GULF OF MEXICO — With looming legal deadlines related to the 2010 BP oil spill, dozens of shrimp processors along the Gulf Coast face a difficult dilemma, with either decision having the potential to jeopardize the future of their businesses and the region’s seafood industry, according to a leading trade association.
All pending claims for damages related to the oil spill have been consolidated into a class-action settlement, even for those who have not filed a lawsuit against BP. A hearing to consider motions objecting to the fairness of the terms is scheduled for Nov. 8, seven days after the deadline to opt out of the settlement.

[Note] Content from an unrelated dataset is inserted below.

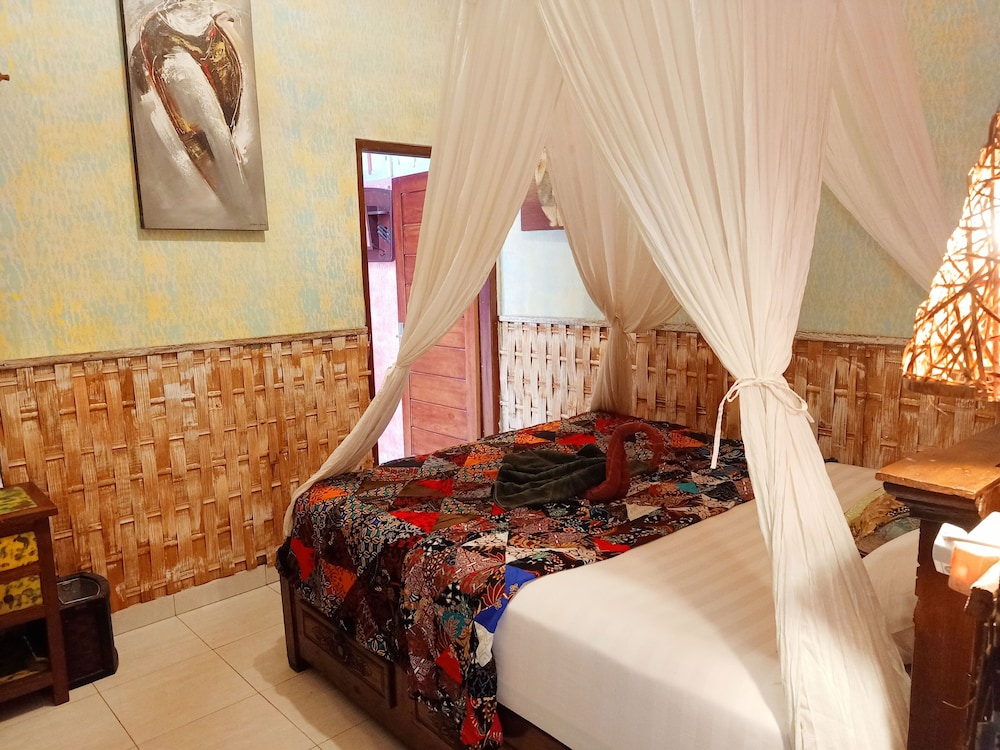 Santhiku Hotel & SPA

The American Shrimp Processors Association, representing companies accounting for 85 percent of the shrimp processed from the Gulf of Mexico, has seen its members struggle as the claims process has dragged on.
“The progress we made in educating BP, then its accounting firm, then the Gulf Coast Claims Facility about our role in the seafood supply chain is not reflected in the class-action settlement terms.” said David Veal, ASPA executive director.

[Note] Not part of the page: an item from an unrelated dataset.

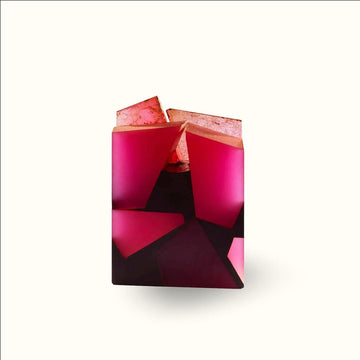 TAMEEZ Sapone Hot Pink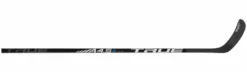 Hockey True Intermediate A4.5HT Composite Stick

The class-action settlement excludes processors from the Seafood Compensation Program, which uses a different formula and series of assumptions to evaluate damages. Processors have instead been grouped with retail stores, restaurants and other non-seafood businesses.
Basing the claims settlement process on the mistaken assumption that seafood processors share similar losses and future risks as retail stores and restaurants, and subsequent delays in reimbursement may threaten the shrimp processing industry more than the actual oil spill.
“The difference in relative compensation between the groups inside the Seafood Compensation Program and those seafood businesses outside the Program is vast and could create industry damage beyond the oil spill itself,” Veal said.